There is not enough documented proof that the magnitude of cancer spread by surgery is large enough to be of concern. However, the potential for cancer spreading by poor surgical technique is one more reason to find the most experienced surgeon possible.

Low Dose Rate (LDR) Brachytherapy or “Seeds”

Implanting seeds is a highly invasive procedure, with 70 or more radioactive seeds injected into the prostate. In a Japanese study among 616 consecutive patients receiving LDR brachytherapy between 2003-2010, 5 patients had a pulmonary metastasis after clinical recurrence. Pulmonary metastases are rare, but they were hormone-responsive, which suggests a prostate cancer origin. The authors note that they may have been caused by seed migration to the lungs. All of those 5 had high Gleason scores, and only one had neoadjuvant hormone therapy.

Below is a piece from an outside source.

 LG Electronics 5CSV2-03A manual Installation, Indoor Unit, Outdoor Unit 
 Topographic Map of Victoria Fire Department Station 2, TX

High Dose Rate (HDR) Brachytherapy

Raleigh et al. at UCSF recently reported the first case of prostate cancer seeding following HDR brachytherapy treatment for a man with high risk PC treated with a combination of HDR brachytherapy and EBRT. The cancer recurred at the site where an HDR brachytherapy catheter was known to have touched the patient's bladder. The authors conclude:

"This case is the first report of prostate cancer recurrence in the bladder wall after brachytherapy and raises questions about prostate cancer biology, brachytherapy technique, and the timing of brachytherapy boost relative to whole pelvic radiotherapy for prostate cancer."
 

I hope that readers will not be dissuaded by these reports from seeking diagnostics and therapies they may be considering. There are risks with any invasive procedure, but it is important to keep the relative magnitude of those risks in perspective. I think these case studies are useful insofar as they are generative of hypotheses. It is clearly an area ripe for further scientific inquiry.